While Salesforce was already in use within the organization in several divisions, the SEA Change project team eventually chose Salesforce as well — in a native approach — to manage the members and the program. That installation, which involved consulting from Fíonta, includes Web Courseworks CourseStage serving as the learning management system.
What the Future Holds for the Legacy AMS
The power of Salesforce is having a big influence on the association management system market, according to Mark. He envisions multiple scenarios playing out for associations and the software they choose to use.
- The largest, most complex associations will choose a platform — either Salesforce or Microsoft Dynamics CRM (the other major player in the platform space) — and develop a native custom solution on top of it.

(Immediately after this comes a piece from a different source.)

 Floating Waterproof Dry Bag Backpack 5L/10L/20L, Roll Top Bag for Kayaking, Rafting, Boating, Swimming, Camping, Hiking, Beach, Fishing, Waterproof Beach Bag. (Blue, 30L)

- Small-staff organizations (those with revenues under $2 million or so) will continue to choose a software-as-a-service application (SaaS) that allows for minimal customization and provides the most basic functionality they need to maintain and grow their operations.
- Mid to large-sized organizations will choose a packaged application that’s already built on top of a platform, such as Fonteva or Nimble, which will get them to the finish line faster.

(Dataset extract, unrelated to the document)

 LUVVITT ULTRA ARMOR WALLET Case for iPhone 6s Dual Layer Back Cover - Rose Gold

- Some organizations with straightforward needs may find it cost-effective to assemble a native solution using Salesforce components combined with applications readily available on the AppExchange including an e-store and event registration.
What about standard association management solutions on hosted, single database-per-customer architectures? Mark calls the best-known programs “legacy.” In the new world order, “they’ll suffer the most because they’re going after the most sophisticated buyers, and those are the organizations that are starting to look at platform-first strategies,” he says.
How to Make Your Decision
Mark follows a basic guideline when he’s advising organizations on which route to follow: “If the packaged solution meets 70% of the associations’s requirements, I would absolutely go with them. The ‘time to live’ is going to be shorter and they’re going to get most of what they need without building it from scratch. I’m a big fan of those products when the association doesn’t have to customize it too much,” he explains. After all, he adds, in the case of Fonteva “there are big things you get out of it, such as an accounting and invoicing system, an events app, and an e-store where you can sell memberships, events, research articles, even T-shirts. You have a full catalog you can just add products to.”
For other organizations that want more flexibility and agility, even they don’t have to code from scratch. They can go to the Salesforce AppExchange, find the functionality they need and plug it in. “Need events management? Go to the AppExchange and buy it,” Mark says. “You’re given the flexibility to assemble whatever you need. Even better,” he notes, “many extensions are offered for free from Salesforce. They come with your licensing.”
Ultimately, the decision involves an education process, says Mark. “We tell associations, look, when you buy Fonteva or native Salesforce you’re just not solving this one problem. You can lay out a 10-year roadmap to centralize everything around one platform and data model and a smaller set of vendors to work with. Plus, you get the agility you need to swap things out as you need to with this vast network of partners that can help you do it. And that message resonates.”